On the regular expression

Source: Internet
Author: User
Tags expression engine

1. What exactly is a regular expression?

When writing a program or Web page that handles strings, there is often a need to find strings that match certain complex rules. Regular expressions are the tools used to describe these rules. In other words, the regular expression is the code that records the text rule.

It is possible that you have used the wildcard character (wildcard) for file lookup under Windows/dos, which is * and ?. If you want to find all the Word documents in a directory, you will search for *.doc. Here,* will be interpreted as an arbitrary string. Like wildcards, regular expressions are also tools for text matching, but rather than wildcards, they can describe your needs more precisely--and, of course, the cost is more complex--you can write a regular expression that looks for all 0, followed by 2-3 numbers, then a hyphen "-" and finally a 7 or 8-digit string (like 010-12345678 or 0376-7654321).

2. Getting Started

The best way to learn a regular expression is to start with an example and then modify the example yourself to experiment. Here are a few simple examples, and they are described in detail.

Suppose you look for hi in an English novel , you can use the regular expression hi.

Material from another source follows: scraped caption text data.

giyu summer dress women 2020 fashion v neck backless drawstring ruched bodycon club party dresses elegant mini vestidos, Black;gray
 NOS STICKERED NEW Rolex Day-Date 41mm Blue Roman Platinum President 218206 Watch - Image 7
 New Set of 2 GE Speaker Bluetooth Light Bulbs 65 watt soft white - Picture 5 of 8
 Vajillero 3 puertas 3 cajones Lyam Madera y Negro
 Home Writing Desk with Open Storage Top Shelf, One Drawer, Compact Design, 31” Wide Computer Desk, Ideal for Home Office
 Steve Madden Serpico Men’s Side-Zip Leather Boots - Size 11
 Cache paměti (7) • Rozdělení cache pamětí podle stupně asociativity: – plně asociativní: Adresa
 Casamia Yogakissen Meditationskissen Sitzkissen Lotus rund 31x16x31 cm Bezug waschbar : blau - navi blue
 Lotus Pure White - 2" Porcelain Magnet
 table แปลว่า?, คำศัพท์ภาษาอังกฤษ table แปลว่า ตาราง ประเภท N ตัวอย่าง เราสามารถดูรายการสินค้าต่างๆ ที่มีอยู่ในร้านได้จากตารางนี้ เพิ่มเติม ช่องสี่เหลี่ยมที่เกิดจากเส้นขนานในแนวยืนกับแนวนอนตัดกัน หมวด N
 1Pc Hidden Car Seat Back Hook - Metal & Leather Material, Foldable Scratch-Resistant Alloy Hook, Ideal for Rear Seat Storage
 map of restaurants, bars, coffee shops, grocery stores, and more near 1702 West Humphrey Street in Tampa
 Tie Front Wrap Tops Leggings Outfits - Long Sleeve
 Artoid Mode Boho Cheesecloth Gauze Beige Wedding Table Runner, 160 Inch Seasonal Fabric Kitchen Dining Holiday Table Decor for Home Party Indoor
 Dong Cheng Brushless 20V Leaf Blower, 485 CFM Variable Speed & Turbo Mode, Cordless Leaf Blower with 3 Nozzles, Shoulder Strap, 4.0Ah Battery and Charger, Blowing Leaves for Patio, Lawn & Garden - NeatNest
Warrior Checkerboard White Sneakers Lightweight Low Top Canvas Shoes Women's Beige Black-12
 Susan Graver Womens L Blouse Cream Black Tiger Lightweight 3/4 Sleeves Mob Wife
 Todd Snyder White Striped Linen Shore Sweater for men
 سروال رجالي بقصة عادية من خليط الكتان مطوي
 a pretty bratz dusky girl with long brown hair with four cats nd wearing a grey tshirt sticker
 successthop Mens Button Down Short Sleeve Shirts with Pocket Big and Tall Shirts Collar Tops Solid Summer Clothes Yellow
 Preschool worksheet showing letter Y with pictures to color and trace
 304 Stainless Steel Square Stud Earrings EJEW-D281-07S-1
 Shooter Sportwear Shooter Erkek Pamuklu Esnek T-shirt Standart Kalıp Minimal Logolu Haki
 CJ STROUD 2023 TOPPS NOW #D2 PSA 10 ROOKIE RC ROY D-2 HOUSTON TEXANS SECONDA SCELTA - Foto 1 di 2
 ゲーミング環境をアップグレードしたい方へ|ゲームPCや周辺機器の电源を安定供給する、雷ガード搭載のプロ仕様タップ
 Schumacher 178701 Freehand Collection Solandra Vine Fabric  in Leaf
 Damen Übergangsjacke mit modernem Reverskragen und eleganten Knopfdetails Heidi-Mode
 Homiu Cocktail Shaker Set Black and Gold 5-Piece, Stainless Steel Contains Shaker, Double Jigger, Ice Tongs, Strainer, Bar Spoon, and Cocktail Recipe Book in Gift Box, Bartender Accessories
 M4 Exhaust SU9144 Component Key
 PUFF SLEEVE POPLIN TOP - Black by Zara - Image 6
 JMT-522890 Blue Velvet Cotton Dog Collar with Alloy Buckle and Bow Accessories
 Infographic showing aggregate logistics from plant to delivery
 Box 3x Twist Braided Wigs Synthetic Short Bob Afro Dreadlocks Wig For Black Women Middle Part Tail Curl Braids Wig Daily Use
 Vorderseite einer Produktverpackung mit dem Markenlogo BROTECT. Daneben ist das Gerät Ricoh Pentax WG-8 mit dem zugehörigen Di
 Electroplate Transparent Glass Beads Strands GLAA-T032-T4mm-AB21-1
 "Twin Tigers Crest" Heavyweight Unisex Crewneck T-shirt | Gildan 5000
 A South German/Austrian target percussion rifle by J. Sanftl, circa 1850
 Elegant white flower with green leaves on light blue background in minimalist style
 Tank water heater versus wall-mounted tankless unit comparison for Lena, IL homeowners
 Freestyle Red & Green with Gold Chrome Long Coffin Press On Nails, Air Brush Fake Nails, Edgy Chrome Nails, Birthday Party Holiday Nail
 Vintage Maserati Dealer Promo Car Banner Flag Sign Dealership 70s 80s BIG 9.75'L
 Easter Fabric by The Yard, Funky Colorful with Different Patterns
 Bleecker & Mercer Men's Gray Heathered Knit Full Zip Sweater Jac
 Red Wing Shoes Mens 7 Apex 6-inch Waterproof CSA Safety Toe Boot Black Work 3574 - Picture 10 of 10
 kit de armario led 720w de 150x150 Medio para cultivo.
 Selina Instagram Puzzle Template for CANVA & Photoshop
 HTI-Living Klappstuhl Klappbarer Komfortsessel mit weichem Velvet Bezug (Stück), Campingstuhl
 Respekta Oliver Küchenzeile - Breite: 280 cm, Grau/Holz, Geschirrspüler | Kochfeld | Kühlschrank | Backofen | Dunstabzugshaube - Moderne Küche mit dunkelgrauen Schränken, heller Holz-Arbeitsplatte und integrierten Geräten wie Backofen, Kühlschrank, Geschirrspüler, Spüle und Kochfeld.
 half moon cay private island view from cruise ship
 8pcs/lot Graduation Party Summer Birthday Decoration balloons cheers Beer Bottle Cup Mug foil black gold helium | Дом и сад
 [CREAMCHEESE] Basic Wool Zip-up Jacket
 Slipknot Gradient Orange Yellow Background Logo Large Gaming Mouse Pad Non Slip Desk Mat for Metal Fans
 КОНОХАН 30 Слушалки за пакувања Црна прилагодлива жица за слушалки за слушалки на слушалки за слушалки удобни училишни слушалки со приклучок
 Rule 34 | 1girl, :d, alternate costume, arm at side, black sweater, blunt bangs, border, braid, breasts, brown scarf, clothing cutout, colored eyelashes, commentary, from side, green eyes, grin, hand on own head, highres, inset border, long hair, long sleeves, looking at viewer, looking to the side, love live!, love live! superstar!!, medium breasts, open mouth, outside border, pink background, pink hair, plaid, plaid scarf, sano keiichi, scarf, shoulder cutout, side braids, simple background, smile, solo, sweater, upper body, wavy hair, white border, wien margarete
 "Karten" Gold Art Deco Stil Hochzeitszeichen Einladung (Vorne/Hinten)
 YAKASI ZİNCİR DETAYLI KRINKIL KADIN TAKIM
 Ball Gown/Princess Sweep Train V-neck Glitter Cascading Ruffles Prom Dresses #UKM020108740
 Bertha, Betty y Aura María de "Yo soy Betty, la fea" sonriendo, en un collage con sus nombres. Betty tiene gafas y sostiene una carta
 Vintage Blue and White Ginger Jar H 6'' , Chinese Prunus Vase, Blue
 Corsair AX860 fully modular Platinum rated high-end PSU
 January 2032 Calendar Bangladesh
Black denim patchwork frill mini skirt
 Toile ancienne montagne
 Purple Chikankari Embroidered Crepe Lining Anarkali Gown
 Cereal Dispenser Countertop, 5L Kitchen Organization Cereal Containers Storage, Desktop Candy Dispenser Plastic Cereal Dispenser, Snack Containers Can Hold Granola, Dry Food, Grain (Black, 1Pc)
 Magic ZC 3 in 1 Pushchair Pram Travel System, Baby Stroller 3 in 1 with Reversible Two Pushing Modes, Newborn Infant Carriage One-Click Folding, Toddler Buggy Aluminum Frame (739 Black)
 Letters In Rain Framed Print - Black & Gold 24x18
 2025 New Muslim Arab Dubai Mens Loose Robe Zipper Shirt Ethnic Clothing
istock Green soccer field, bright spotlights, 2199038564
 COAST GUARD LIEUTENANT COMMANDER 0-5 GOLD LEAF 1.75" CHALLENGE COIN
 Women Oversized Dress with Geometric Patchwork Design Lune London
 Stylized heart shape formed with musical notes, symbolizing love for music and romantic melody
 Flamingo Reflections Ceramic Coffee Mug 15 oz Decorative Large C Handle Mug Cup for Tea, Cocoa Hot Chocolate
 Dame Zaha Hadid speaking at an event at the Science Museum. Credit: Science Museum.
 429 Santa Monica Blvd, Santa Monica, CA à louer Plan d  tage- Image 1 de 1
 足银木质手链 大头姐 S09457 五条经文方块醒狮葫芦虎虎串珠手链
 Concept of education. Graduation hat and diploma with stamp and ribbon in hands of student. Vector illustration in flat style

This is almost the simplest regular expression, it can exactly match such a string: two characters, the previous character is H, the latter is I. Typically, a tool that handles regular expressions provides an option to ignore the case, and if this option is selected, it can match any of the four cases of Hi, Hi,hi,hi.

Unfortunately, many words contain the two consecutive characters of Hi, such as him, history, high, and so on. With hi to find, the side of the hi will be found. If we want to find the word hi exactly, we should use \bhi\b.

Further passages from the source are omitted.